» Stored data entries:
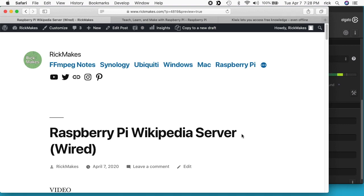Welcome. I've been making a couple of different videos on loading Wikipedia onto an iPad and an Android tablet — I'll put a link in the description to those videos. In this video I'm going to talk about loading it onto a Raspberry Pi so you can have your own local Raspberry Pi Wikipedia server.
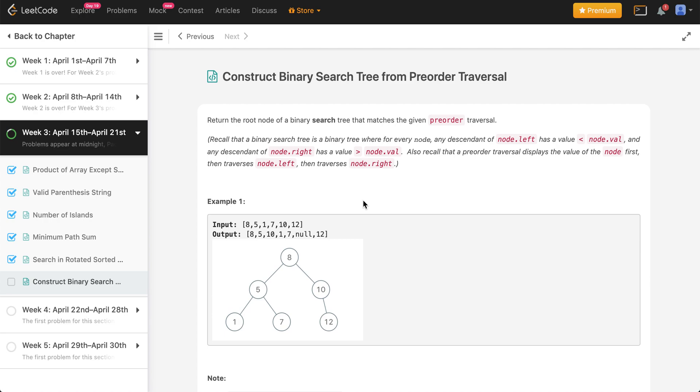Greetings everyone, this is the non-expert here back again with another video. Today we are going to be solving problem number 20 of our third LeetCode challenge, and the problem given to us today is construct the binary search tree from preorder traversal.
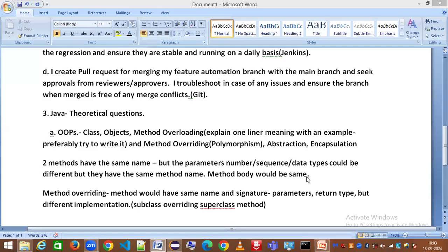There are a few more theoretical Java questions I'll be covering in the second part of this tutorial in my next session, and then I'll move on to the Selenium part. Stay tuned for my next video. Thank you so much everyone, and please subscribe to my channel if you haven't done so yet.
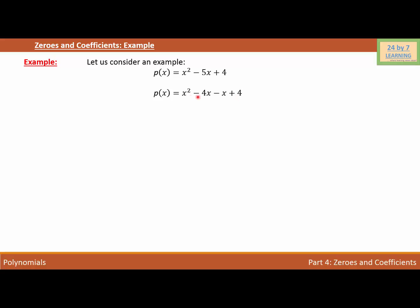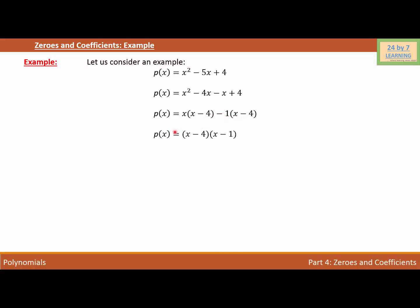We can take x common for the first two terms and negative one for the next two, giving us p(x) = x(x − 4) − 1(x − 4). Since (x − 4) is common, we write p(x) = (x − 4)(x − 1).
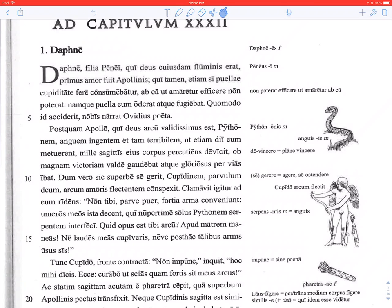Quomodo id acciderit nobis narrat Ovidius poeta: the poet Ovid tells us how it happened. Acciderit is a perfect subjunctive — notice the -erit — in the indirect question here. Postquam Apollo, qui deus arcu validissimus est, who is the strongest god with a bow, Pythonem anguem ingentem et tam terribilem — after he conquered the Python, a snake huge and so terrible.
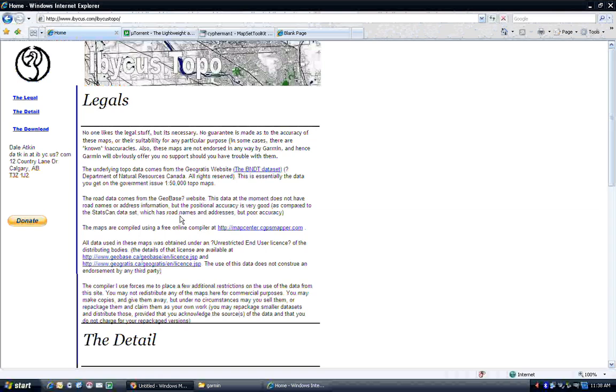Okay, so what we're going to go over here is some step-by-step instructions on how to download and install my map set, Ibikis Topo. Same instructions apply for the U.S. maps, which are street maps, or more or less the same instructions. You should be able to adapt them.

» TRY IT:
Every line above should be duplicated exactly; the pictures are to be left out.

» ANSWER BOX:
Welcome. I've been making a couple of different videos on loading Wikipedia onto an iPad and an Android tablet — I'll put a link in the description to those videos. In this video I'm going to talk about loading it onto a Raspberry Pi so you can have your own local Raspberry Pi Wikipedia server.
Greetings everyone, this is the non-expert here back again with another video. Today we are going to be solving problem number 20 of our third LeetCode challenge, and the problem given to us today is construct the binary search tree from preorder traversal.
There are a few more theoretical Java questions I'll be covering in the second part of this tutorial in my next session, and then I'll move on to the Selenium part. Stay tuned for my next video. Thank you so much everyone, and please subscribe to my channel if you haven't done so yet.
We can take x common for the first two terms and negative one for the next two, giving us p(x) = x(x − 4) − 1(x − 4). Since (x − 4) is common, we write p(x) = (x − 4)(x − 1).
Quomodo id acciderit nobis narrat Ovidius poeta: the poet Ovid tells us how it happened. Acciderit is a perfect subjunctive — notice the -erit — in the indirect question here. Postquam Apollo, qui deus arcu validissimus est, who is the strongest god with a bow, Pythonem anguem ingentem et tam terribilem — after he conquered the Python, a snake huge and so terrible.
Okay, so what we're going to go over here is some step-by-step instructions on how to download and install my map set, Ibikis Topo. Same instructions apply for the U.S. maps, which are street maps, or more or less the same instructions. You should be able to adapt them.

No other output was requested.